Des pieds tanqués pétris d’émotion
Qu’importe le flacon, pourvu qu’on ait l’ivresse.
Qu’importe le lieu, pourvu qu’on ait le théâtre.
Une pièce de théâtre dans un boulodrome ?
Rien d’étonnant, nous sommes au festival d’Avignon !
Depuis le grand tunnel Daladier, bravant la chaleur et entourés de cigales chantantes, des boulistes font leur apparition, d’une manière naturelle et surprenante. Le réalisme du jeu est vraiment saisissant. Installant les personnages, les 4 acteurs accrochent immédiatement un public déjà conquis.
Qui sont ces fameux pieds tanqués ?
Ces 4 personnages jouent ensemble une partie matinale : Zé, le pied-noir, Loule, le provençal « de souche », Monsieur Blanc, parisien nouvellement arrivé dans la région et Yaya, français d’origine algérienne.
« On joue aux boules ou on refait la guerre? »
Ces hommes vont discuter, échanger, se disputer, rire aussi beaucoup avec en toile de fond de leurs discussion : la guerre d’Algérie. Ils évoquent leurs pères, leurs familles, les suites de cet événement historique qui a bouleversé les relations entre la France et l’Algérie. Car forcément, ils ne sont pas d’accord. Qui a raison alors ? Qui a tort ?
Des pieds tanqués aux racines profondes
La subtilité de cette pièce est justement de ne surtout pas apporter de réponses. Le but est de ne pas avoir de parti pris, mais d’emmener le spectateur vers une réflexion très juste sur ce que cette guerre a provoqué au sein de chaque famille et sur la vision, légitime, de chacun : ils ont tous de bonnes raisons de défendre leur point de vue et la pièce évite le piège du manichéisme. Le texte et les dialogues ont une dimension humaine, simple et émouvante. C’est en même temps plein d’espoir : quand le passé est porteur de haine, tout est possible pour le transformer en autre chose.
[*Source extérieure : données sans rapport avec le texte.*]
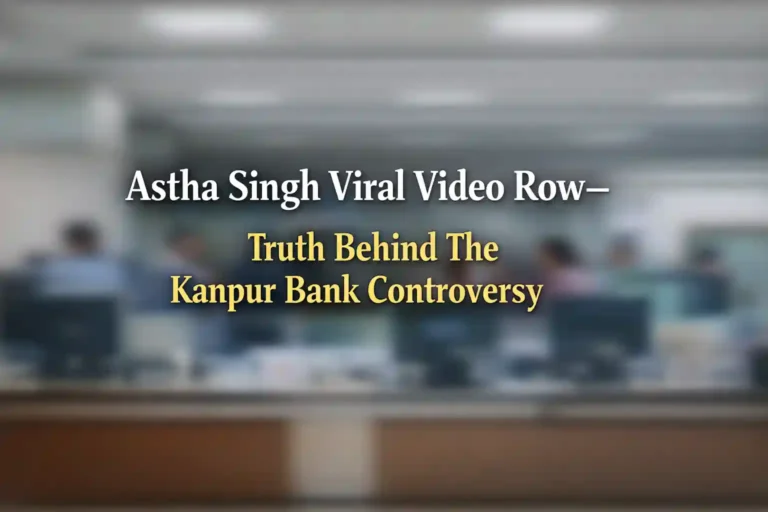 Astha Singh Viral Video Row – Truth Behind The Kanpur Bank Controversy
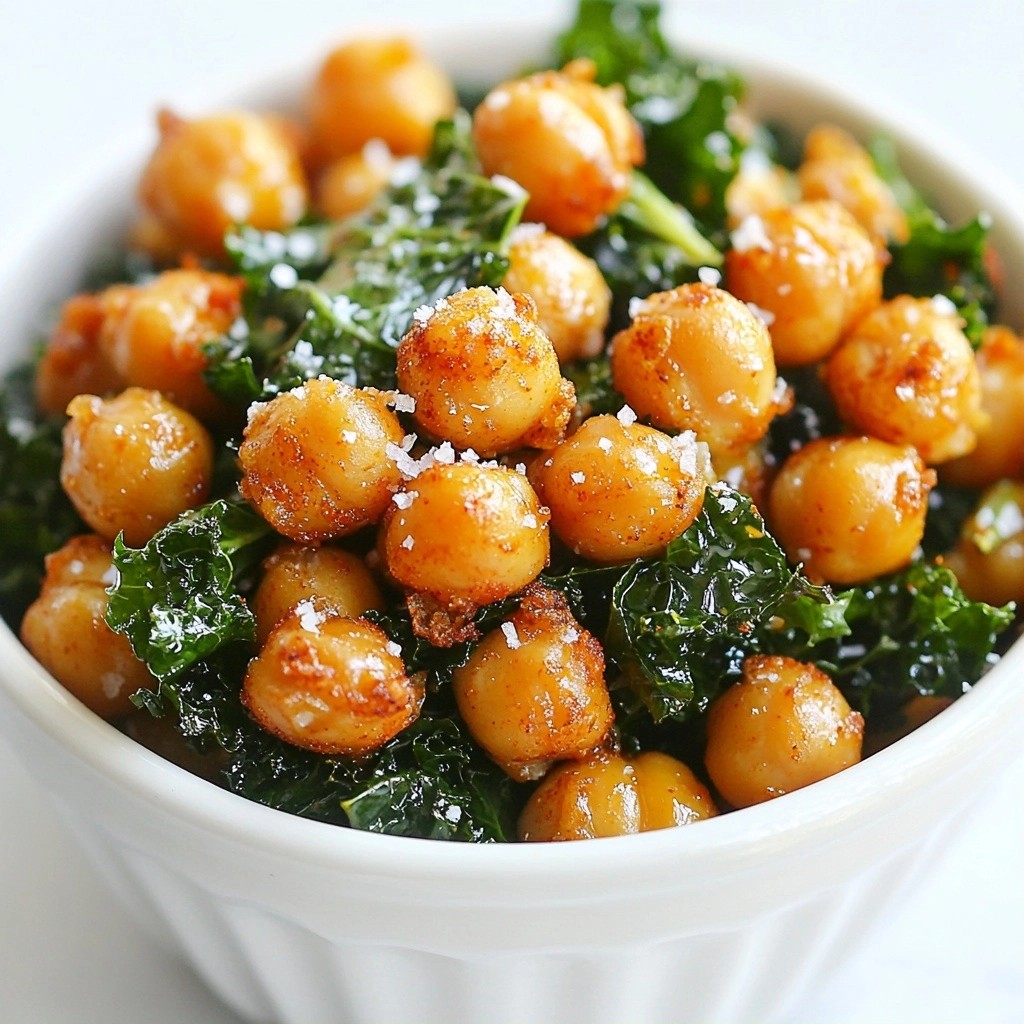 Crispy High-Protein Chickpea and Kale Chips Recipe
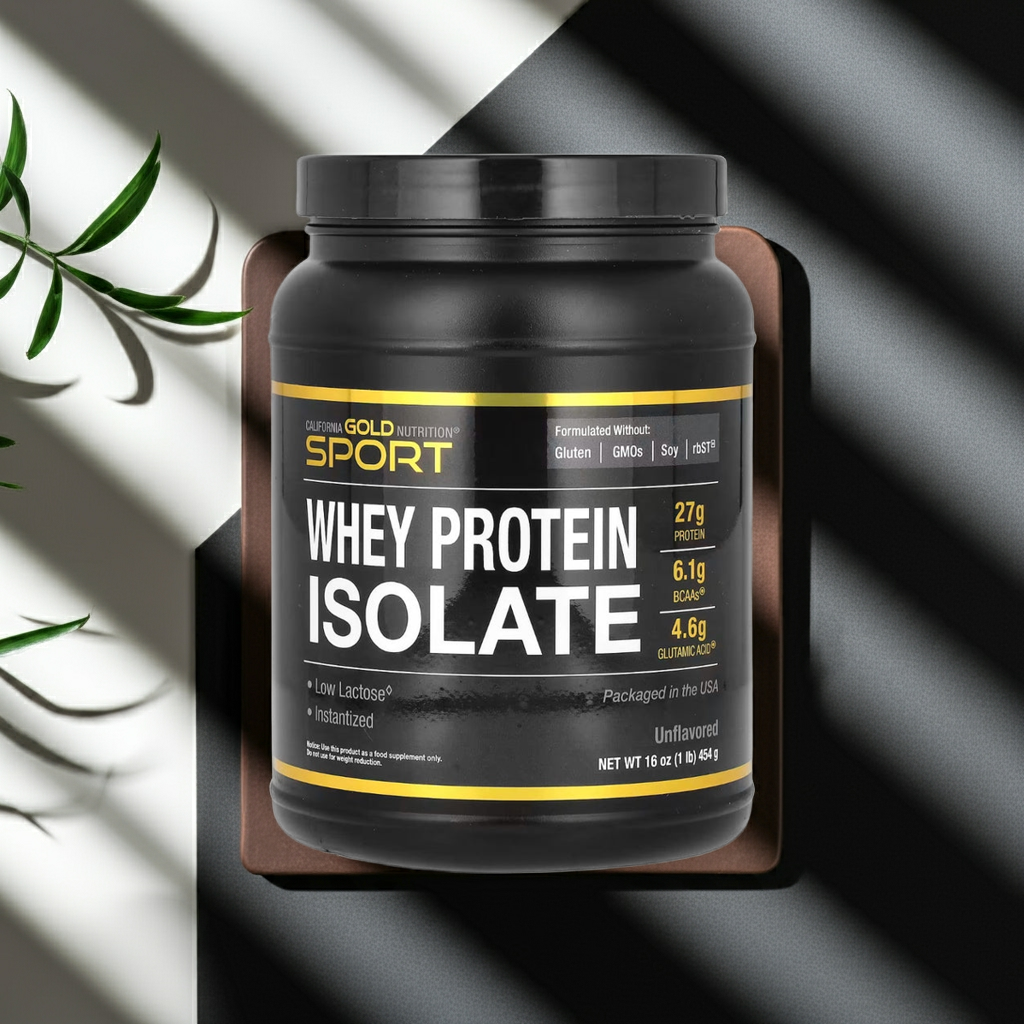 Sport, Molkenproteinisolat, geschmacksneutral, 454 g (1 lb.)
C’est brillamment mis en scène et la direction d’acteur est impeccable. Nous pouvons reconnaître un très bel hommage aux oeuvres de Marcel Pagnol : on y retrouve l’humour, des personnages tout de suite attachants, drôles, émouvants et des relations fortes et profondes entre eux. Le temps passe bien vite en leur compagnie, l’on oublie, en tant que spectateur, l’inconfort du banc et de la chaleur de l’été pour être totalement suspendu aux échanges entre eux.
« – Que votre destin soit touché par l’histoire des autres, c’est normal ! La provence a toujours été une terre de mélange, une terre d’accueil.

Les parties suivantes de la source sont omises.